The question I want to ask here, however, is this: Is it actually the case that the American church has maintained the loyalty of large sections of the population by essentially becoming a secular institution? (p.26)
The book’s examples of this “secularization” include some that fundamentalists and conservative evangelicals would see as obvious—but Trueman suggests a few more subtle and interesting ones as well.
Health and wealth ministries
After pointing out that prosperity preachers such as Osteen and Hinn make for a “soft target” for “conservative, confessional evangelicals” (p.27), Trueman focuses on how more orthodox Christians are guilty of problems that are, in his view, similar.

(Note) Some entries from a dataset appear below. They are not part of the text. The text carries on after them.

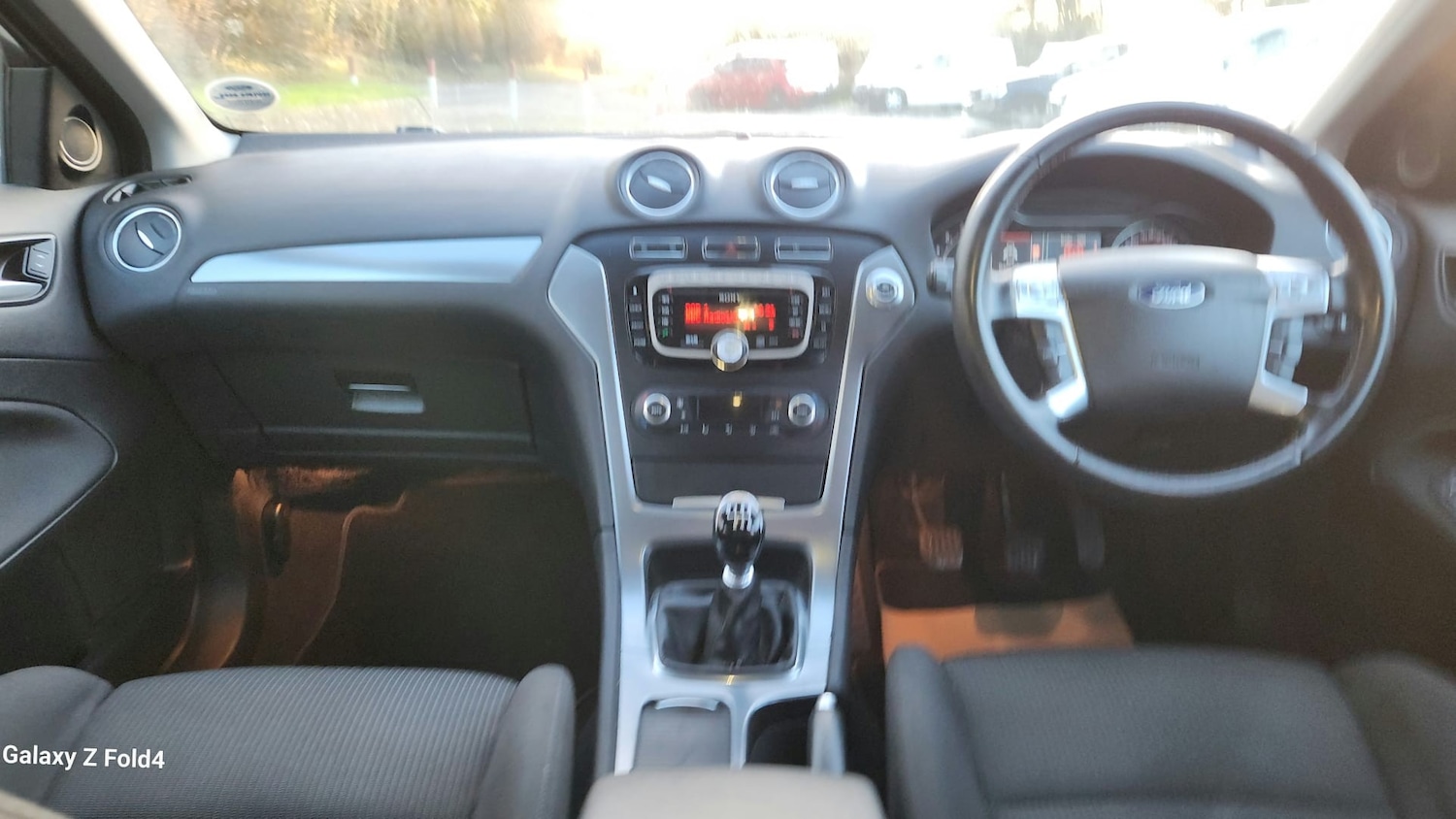 Used Ford Mondeo 2011 for sale - 76809321: Photo 14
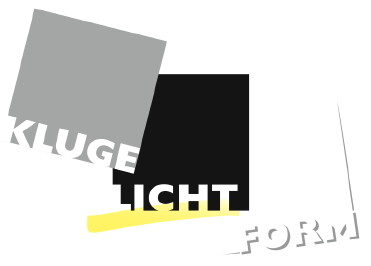 KLUGE LICHT FORM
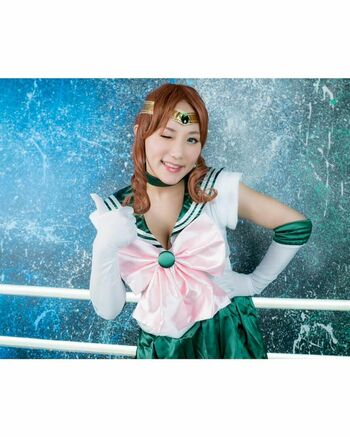 Kaho Shibuya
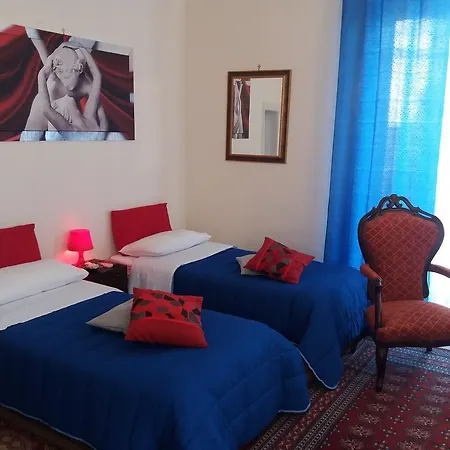 Il Da Vinci ג'ובינאצו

The nature and degree of similarity is left pretty vague, though. For example, in the context of prosperity preachers, Trueman asks, “[D]on’t many Christians who claim to be orthodox actually nurture similar ambitions?” The author doesn’t seem to have “ambition” to embrace the prosperity gospel, or teach it to others, in mind. But if he means that many orthodox Christians are interested in good health and financial prosperity, I have to say “so?” Since all human beings desire abundance and good health—because they are human, not because they are sinners—it’s a strain to see this as an example of secularization of the church.
Fortunately, the other examples in the chapter are much stronger.
Consumerism, individualism, “rights culture”
In his discussion of secularization in general, and “rights culture” in particular, Trueman cites David Wells’ No Place for Truth and The Courage to Be Protestant. From the latter, he passes on this interesting observation.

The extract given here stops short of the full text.